Von Pia Hollenstein. Erschienen in «AMNESTY – Magazin der Menschenrechte» vom September 2024.
Die Alt-Nationalrätin Pia Hollenstein ärgert sich über Parlament und Bundesrat, die das EGMR-Urteil nicht umsetzen wollen. Sie bleibt aber optimistisch.

Der Europäische Gerichtshof für Menschenrechte (EGMR) hat am 9. April 2024 geurteilt, dass die Schweiz die Menschenrechte der älteren Frauen verletzt. Denn das Land tue nicht das Nötige gegen die fortschreitende Klimaerwärmung. Für uns KlimaSeniorinnen und für alle Menschen, die sich gegen die Klimakrise stemmen, war das eine überwältigende Entscheidung. Der jahrelange Kampf hat sich gelohnt.

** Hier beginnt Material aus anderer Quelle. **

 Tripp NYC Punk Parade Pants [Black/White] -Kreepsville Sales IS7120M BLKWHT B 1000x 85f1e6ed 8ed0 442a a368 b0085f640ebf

Überwältigt waren auch rechtsbürgerliche Wirtschaftskreise. Sie waren so sehr schockiert, dass sie kurzerhand ihr rechtsstaatliches Wissen beiseiteschoben und in den beiden Parlamentskammern verlangten, der Bundesrat möge bitteschön die Entscheidung des EGMR ignorieren.

Natürlich haben mich als Schweizerin die entsprechenden Briefe, die wir seither bekommen haben, beschämt. Denn dass National- und Ständerat Aufrufe in die Welt setzen, das Gerichtsurteil einer übergeordneten Instanz zu ignorieren, ist schlichtweg peinlich. So etwas kennt man von gewissen anderen Staaten. Doch solche Manöver gehören zum politischen Spiel. Und in der Sache wird diese Verzweiflungstat nichts ändern: Will der Bundesrat das Gesicht der offiziellen Schweiz wahren, wird er über die Bücher gehen und die Klimapolitik revidieren müssen.

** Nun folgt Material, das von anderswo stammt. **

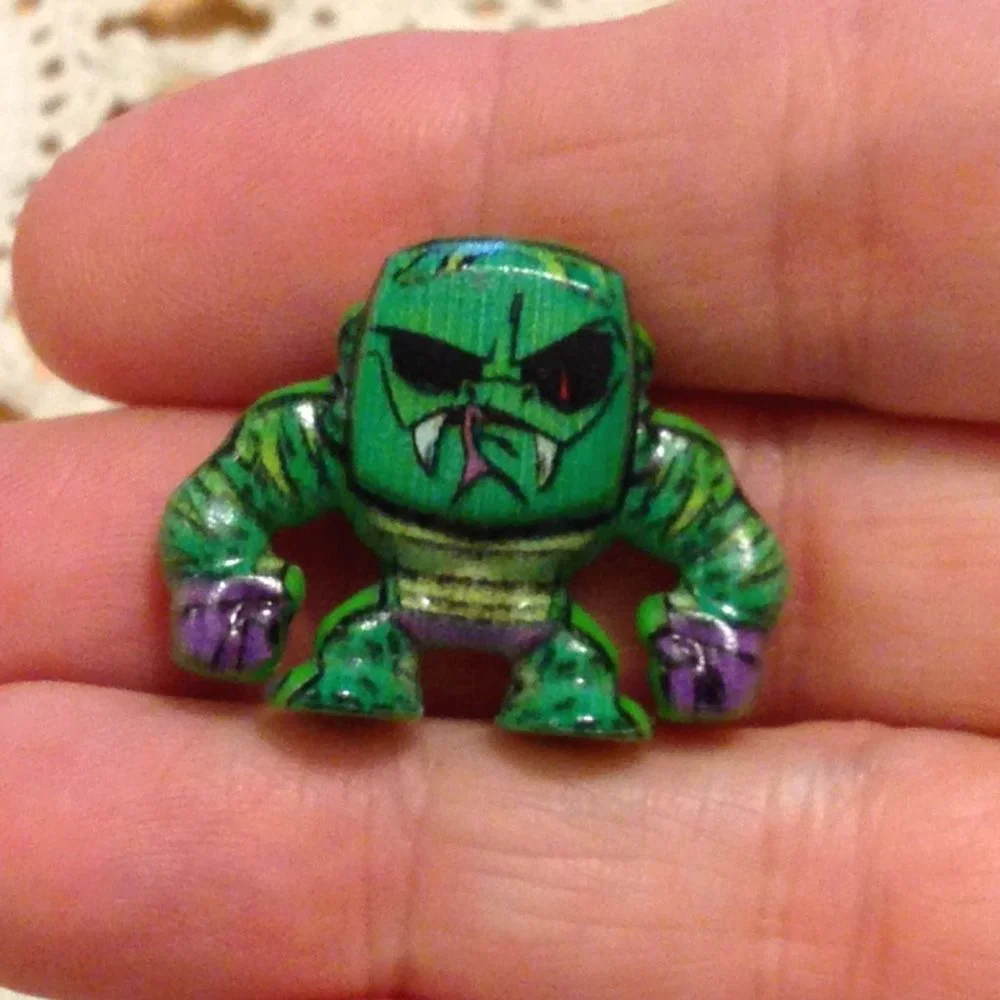 Two Million Warriors Miniatures, Slitherman and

Es ist übrigens nicht das erste Mal, dass Strassburg die Schweiz in Sachen Menschenrechte rügt. Und in den anderen Fällen hat unser Land auch nicht die beleidigte Leberwurst gespielt. Sondern sie hat das getan, was man tut, wenn im Fussball die Schiedsrichterin oder in der Politik ein Gericht die rote Karte zeigt: Man akzeptiert das Urteil, geht vom Feld und machts das nächste Mal besser.

Seit dem 9. April 2024 haben wir – haben alle in Europa – ein neues Instrument in der Hand: Klimaschutz ist ein Menschenrecht.

Ich habe mich unbändig über das Urteil gefreut. Ich bin zuversichtlich, dass der Bundesrat handeln wird. Aber ich bin auch Realistin: Eine Revolution wird unser Bundesrat nicht lostreten. Dafür ist er zu konservativ zusammengesetzt. Er wird sich scheuen, die viel zu laschen Massnahmen radikal zu verschärfen. Und er wird zögern, jene wissenschaftliche Klimabilanz vorzulegen, die das Urteil verlangt: Denn sie würde zeigen, dass die Schweiz noch weit davon entfernt ist, den Netto-Null-Pfad umzusetzen.

Trotzdem, ich bin Optimistin: Seit dem 9. April 2024 haben wir – haben alle in Europa – ein neues Instrument in der Hand: Klimaschutz ist ein Menschenrecht. Das Urteil wird uns helfen, wirksame Klimamassnahmen auf juristischem Weg zu verlangen. Ich bereite mich deshalb schon jetzt darauf vor, den Druck aufrechtzuhalten. Dafür braucht es mich, es braucht Sie, es braucht uns alle.